There will probably be bipartisan agreement in certain areas, such as tax breaks for wind and solar and upgrades to ageing infrastructure that is being increasingly battered by floods, storms and wildfires. Chuck Schumer, the Democratic Senate leader, is confident some climate spending can sneak into overall budget bills. Biden could do more unilaterally if he declared a state of emergency over climate, Schumer has suggested. “Trump used this emergency for a stupid wall, which wasn’t an emergency. But if there ever was an emergency, climate is one,” the New York senator said last week.
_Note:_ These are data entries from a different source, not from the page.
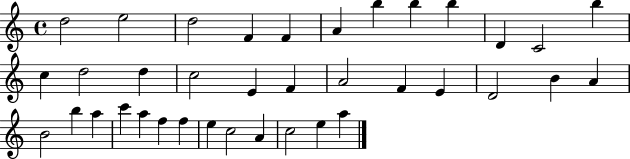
{
  \clef treble
  \time 4/4
  \defaultTimeSignature
  \key c \major
  d''2 e''2 | d''2 f'4 f'4 | a'4 b''4 b''4 b''4 | d'4 c'2 b''4 | \break c''4 d''2 d''4 | c''2 e'4 f'4 | a'2 f'4 e'4 | d'2 b'4 a'4 | \break b'2 b''4 a''4 | c'''4 a''4 f''4 f''4 | e''4 c''2 a'4 | c''2 e''4 a''4 | \break \bar "|."
}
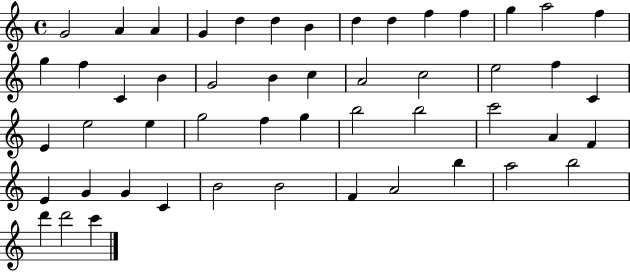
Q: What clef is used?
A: treble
While obstacles remain in Congress, the overall landscape has shifted since Biden’s time as vice-president. Solar and wind have plummeted in cost, countries are charging ahead, however imperfectly, on cutting emissions, and even supposed climate villains are changing their tune – in just the past week BlackRock, the world’s biggest investment fund manager, threatened to sell shares in the worst corporate polluters, the US Chamber of Commerce said it would support a price on carbon, and General Motors announced it will make only zero-emissions cars from 2035 onwards.
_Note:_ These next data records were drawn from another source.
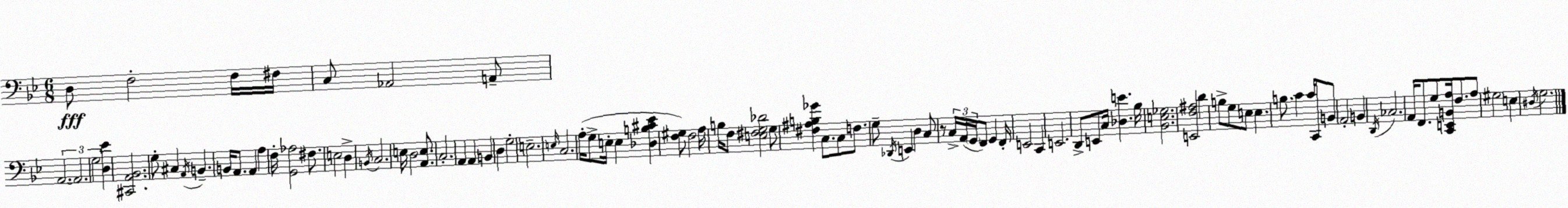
X:1
T:Untitled
M:6/8
L:1/4
K:Bb
D,/2 F,2 F,/4 ^F,/4 C,/2 _A,,2 A,,/2 A,,2 A,,2 G,2 [D,_E] [^C,,A,,_B,,]2 G,/2 ^C, A,,/4 B,, B,,/4 A,,/2 A,, A, F,/4 [G,,_A,]2 ^F,/2 E,2 D, B,,/4 C,2 E,/4 D,2 [A,,E,]/2 C,2 A,, A,, B,, D, G,2 E,2 E,/4 C,2 A,/4 G,/2 E,/4 E, [_D,B,^C_E] [F,^G,]/2 F,2 A,/4 B,/4 F,/2 [E,^F,G,_D]2 G,/2 [^F,^A,B,_G] C,/2 C,/2 F,/2 G,/2 _D,,/4 E,, D, C,/2 z/2 C,/4 A,,/4 G,,/4 F,,/2 G,, F,,/4 E,,2 C,, E,,2 D,,/2 E,,/2 C,/4 [_D,E] _B,/4 [_B,,E,_G,]2 [E,,F,^A,]2 D B,/2 G,/2 E,/2 E, B,/2 C C/4 C,,/2 B,,/2 A,,2 B,, D,,/4 _C,2 A,,/4 F,,/2 G,/2 [C,,E,,B,,A,]/4 F,/2 A,/2 ^G,2 E, ^D,/4 G,2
The Trump years may well have been the death rattle of influential denialism. The American public’s concern over the climate crisis is at record levels, with even a majority of Republican voters supporting government intervention in the wake of a year of unprecedented wildfires and hurricanes that cost hundreds of lives and tens of billions of dollars. The question is now whether the US is able to change quickly enough to avert further disaster, rather than if it will change at all.
“We are already spending the money, folks,” Kerry, the former secretary of state who is now Biden’s climate envoy, said of the recent climate-fueled disasters. “It’s cheaper to deal with the crisis of climate than to ignore it. This is life or death, a challenge to the fibre of our society. The stakes on climate change couldn’t be any higher than they are now. Failure is literally not an option.”